Dura Automotive Systems (Canada) Ltd.
617 Douro Street
Stratford, ON 
N5A 6V5

Attention: Diana Sinatra

Administrator and Applicant

 


NOTICE OF PROPOSAL

 

I PROPOSE TO REFUSE TO APPROVE the request made December 5, 2006 by Dura Automotive Systems (Canada) Ltd. (“Dura”) for payment of 100% of the monthly pension benefit entitlements of former employees who retired after the date that Dura issued a Notice of Proposal of Wind Up of the Dura Automotive Systems (Canada) Ltd. Pension Plan for Stratford Bargaining Unit Employees, Registration Number 240960 (the “Plan”), pursuant to section 70(3) of the PBA.

 

REASONS:

 

  1. Dura is the employer and administrator of the Plan.  The Plan is a defined benefit plan which covers employees at Dura’s facility in Stratford, Ontario who are represented by the International Association of Machinists and Aerospace Workers, Local No. 1927.

  2. Dura’s American parent company recently sought Chapter 11 Bankruptcy protection in the United States and parallel Companies’ Creditors Arrangement Act, R.S.C. 1985, c. C-36 (the “CCAA”) proceedings were commenced in Ontario on November 1, 2006. A CCAA stay of proceedings is currently in place.

  3. On or about November 30, 2006, Dura provided notice of its intention to wind up the Plan effective November 2, 2007. Dura has indicated that the reason for the wind up is the planned closure of its Stratford facilities. The bulk of the associated terminations are expected between November 30, 2006 and November 2, 2007.

  4. On December 5, 2006, Dura requested (through its consultant Aon Consulting Inc., “AON”) approval under section 70(3) of the PBA to “commence monthly pension benefits to those members that are eligible for immediate retirement” at the 100% level and for the payment of eligible expenses out of the Plan.

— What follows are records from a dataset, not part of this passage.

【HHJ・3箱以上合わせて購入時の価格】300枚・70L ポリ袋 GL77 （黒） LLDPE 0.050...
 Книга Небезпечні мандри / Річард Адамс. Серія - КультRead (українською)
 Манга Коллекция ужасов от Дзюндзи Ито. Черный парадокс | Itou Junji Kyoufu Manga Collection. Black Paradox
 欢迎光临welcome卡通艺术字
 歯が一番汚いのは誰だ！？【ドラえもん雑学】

  5. By letter dated December 11, 2006 to AON, Financial Services Commission of Ontario (“FSCO”) staff requested further information in respect of the estimated funded ratio of the Plan on a wind up basis and the level of benefits being paid to current pensioners. Plan related administrative fees and expenses actually occurred at the date of payment and while Dura remained the administrator of the Plan were approved.

  6. On January 15, 2007, AON advised, in a response to FSCO’s December 11, 2006 request, that the transfer ratio for the Plan was 85% as at November 30, 2006. AON also indicated that it was Dura’s intention to “pay out all current and future retirees at 100% of their pension entitlement, while continuing to fund the solvency deficit in accordance with the last filed valuation report.”

  7. On January 31, 2007, Dura’s request for approval under section 70(3) of the PBA to pay 100% of pension entitlements to those members who elect to receive an immediate pension was refused in the Refusal Letter signed by Tom Golfetto, Director, Pension Plans Branch by Delegated Authority from the Superintendent of Financial Services. The reasons cited for the refusal were uncertainty (given the ongoing insolvency proceedings) whether Dura will be able to meet the funding requirements of the Plan, the transfer ratio of 85% and the fact that the solvency payments to the Plan did not take into account the Plan’s wind up liabilities.

  8. On February 21, 2007, counsel for Dura, Baker & Mackenzie LLP, requested clarification on whether the Refusal Letter constituted a Notice of Proposal to Refuse approval and whether or not Dura was entitled to request a hearing in relation to this decision.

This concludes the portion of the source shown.